The count data should be combined with other samples in your experiment into a count matrix. A count matrix is a matrix of counts where the rows are the term of interest (e.g. betalactams), the columns are the sample names, and the matrix is filled in with the counts for each of term of interest within each sample. Alternatively, the rows could be sample names and the columns the term of interest. You can then use this count matrix as input for many statistical or descriptive procedures, including but not limitd to the following:
- Principal components analysis
- Non-metric multidimensional scaling
- Zero-inflated Gaussian Mixture Models (for example, with the metagenomeseq R package)
- Linear discriminant analysis
The primary question that you'll want to ask of your data depends on your experimental design.
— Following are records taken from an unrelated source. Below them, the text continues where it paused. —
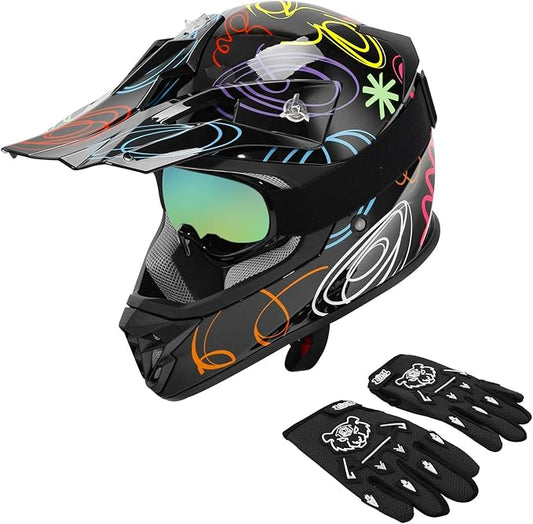 XFMT DOT Youth Kids Dirt Bike Helmet Full Face Motocross Helmets for Off-Road ATV Street Bike Four Wheeler Motorcycle with Goggles & Gloves, Graffiti Medium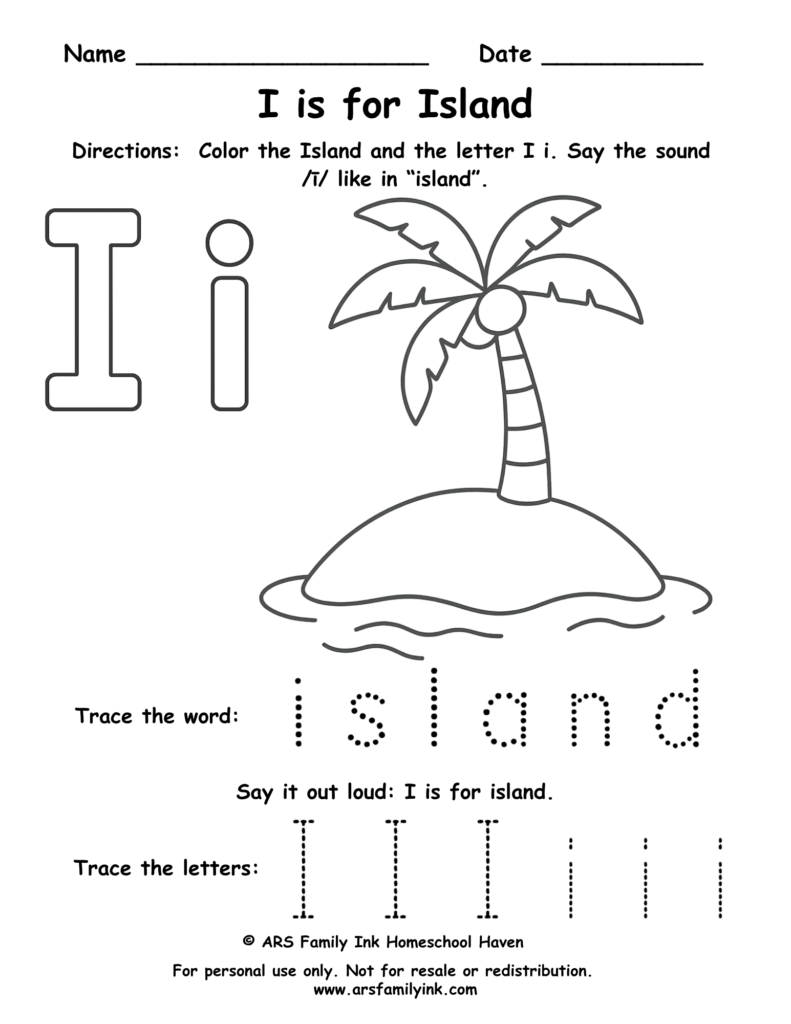 Letter I worksheet for preschool – I is for island printable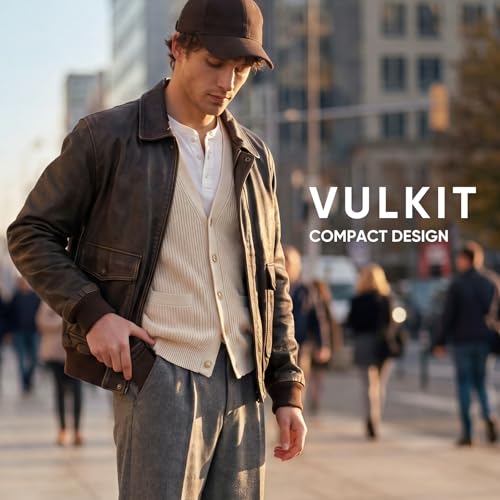 Image of VULKIT Card Holder Pop Up Cards Slim Leather Wallet RFID Protection Up to 12 Cards Card Case, Espresso, One Size, Minimalist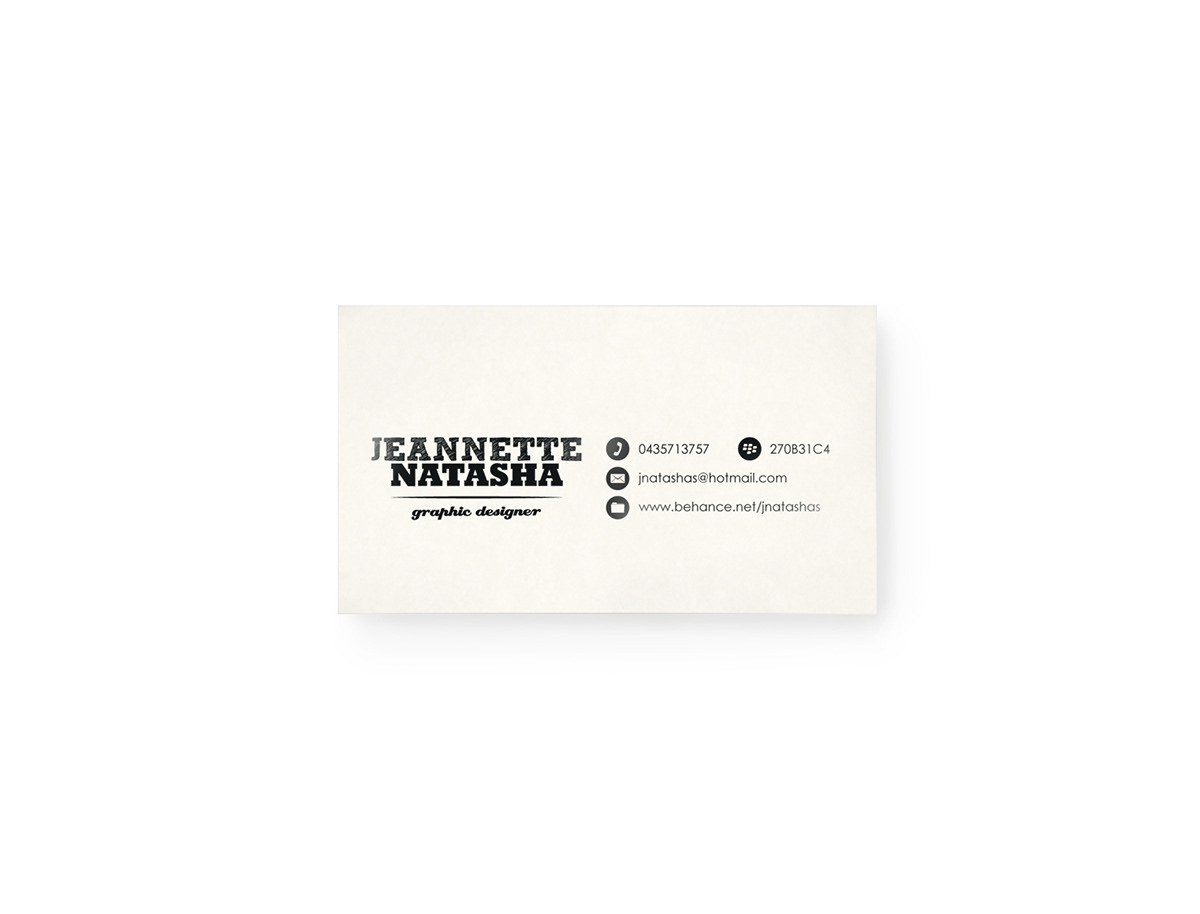 business card logo Self Promotion Stationery black White print jeannette natasha graphic designer pattern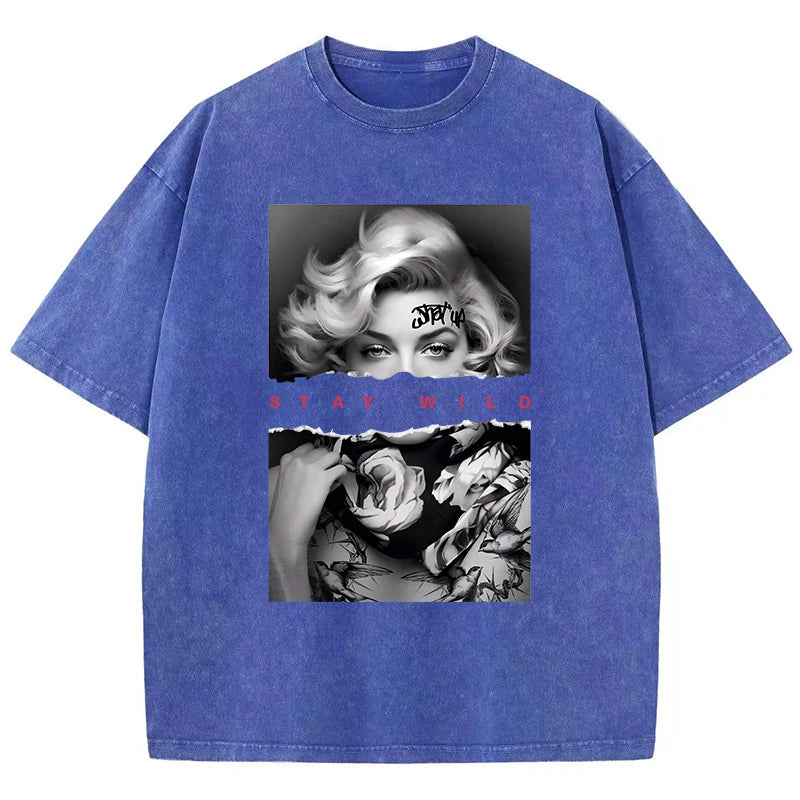 T-Shirt mit Porträt im europäischen Stil – Vintage-Baumwoll-T-Shirt für Damen mit Waschung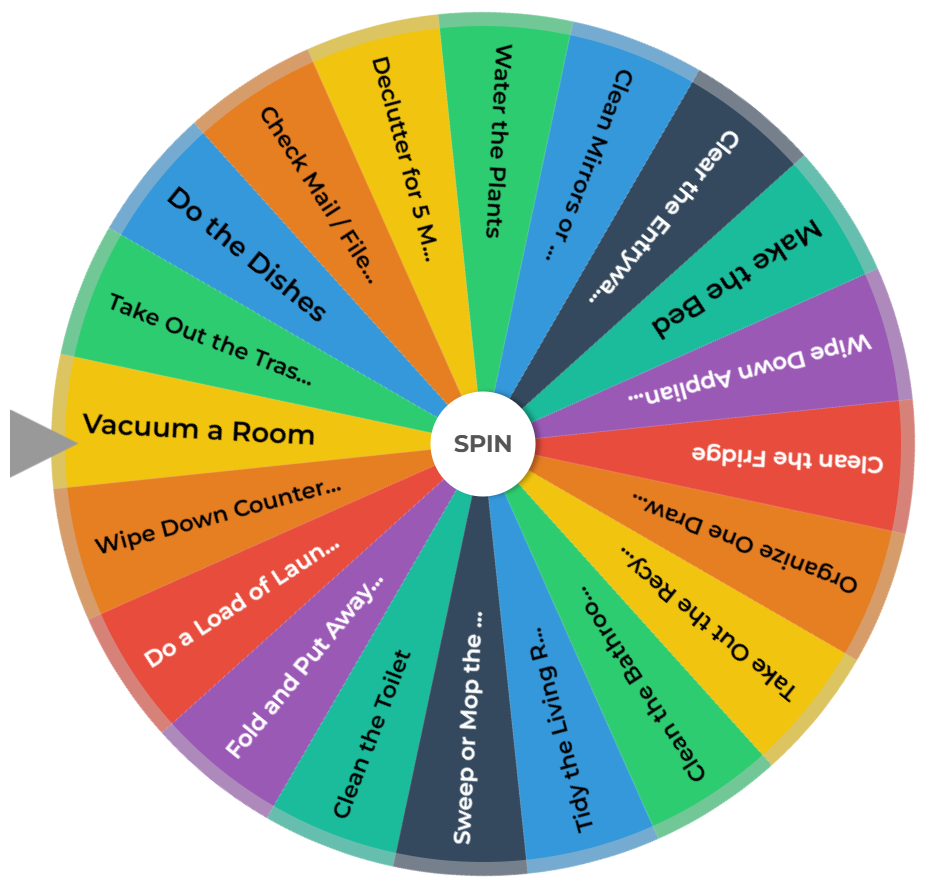 Random Wheel Spin Chores To Do List Wheel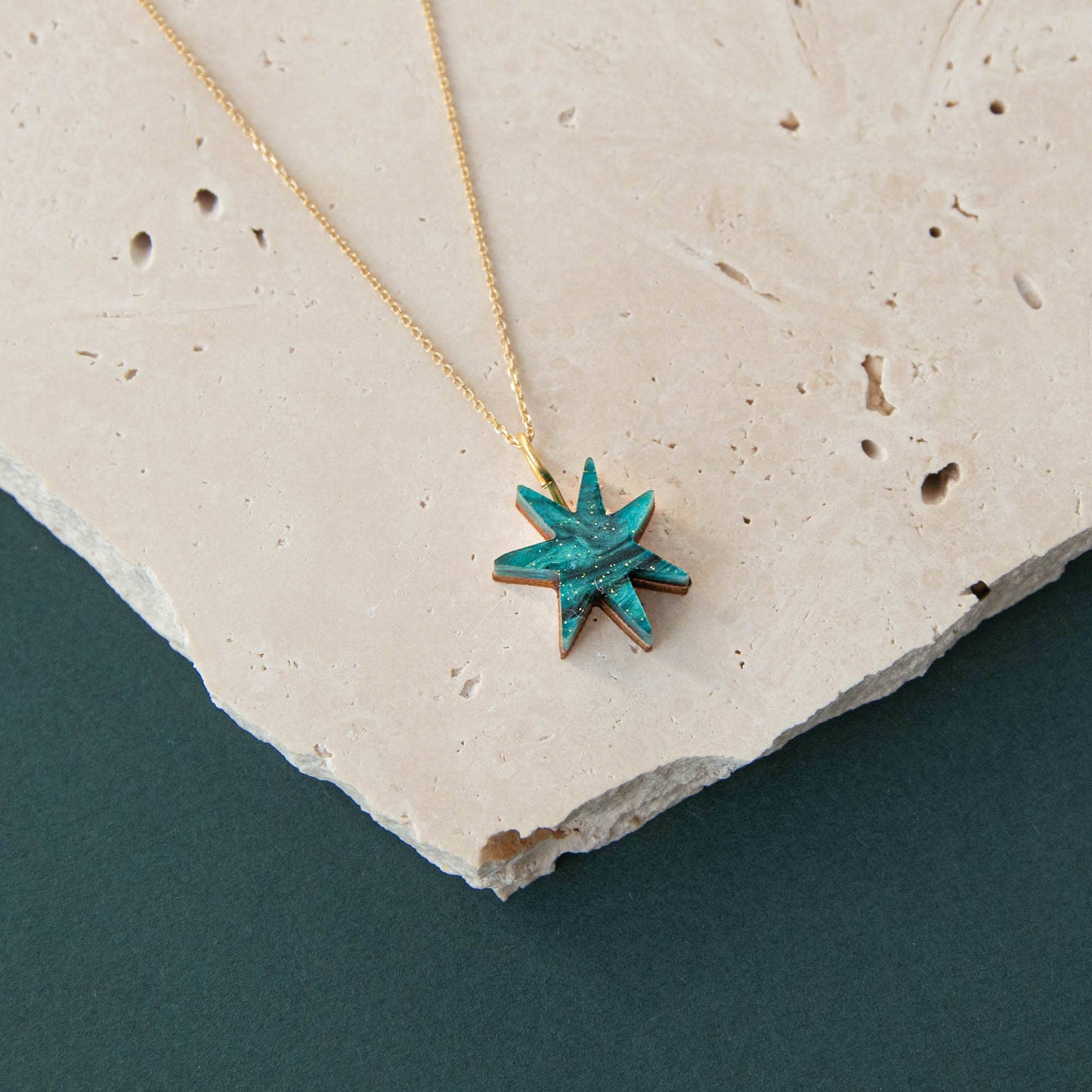 Pepper You Hand Drawn Star Gold Necklace in Smoke Black Sparkle: Marble Teal Sparkle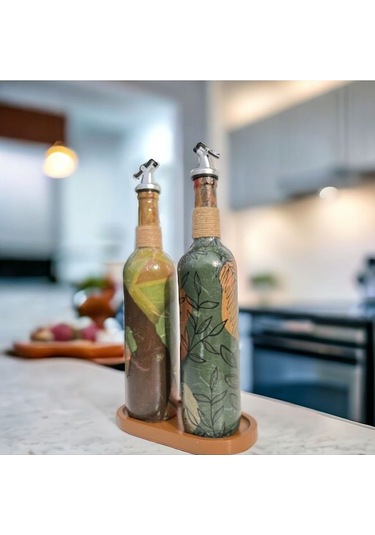 Modern Tasarımlı Kadın Desenli Renkli 750 Ml Zeytinyağı Sıvıyağ Ş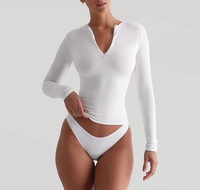 EVER GLOW T-shirt à manches longues zippé double couche en polyester/coton respirant, personnalisé avec logo, nouvelle mode, haute qualité, pour femme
However, this question usually involves some kind of comparison between groups: does group A have more betalactamases than group B? How does the resistome differ between group A and group B? Is that significant? What major features in group A make it significantly differ from group B?
These kinds of questions are mostly statistical, and any tool that accepts count data can be used for further analysis. Because this is nearly identical to microbiome analysis, there are plenty of tools out there that can aid in further statistical exploration, such as the R package metagenomeseq.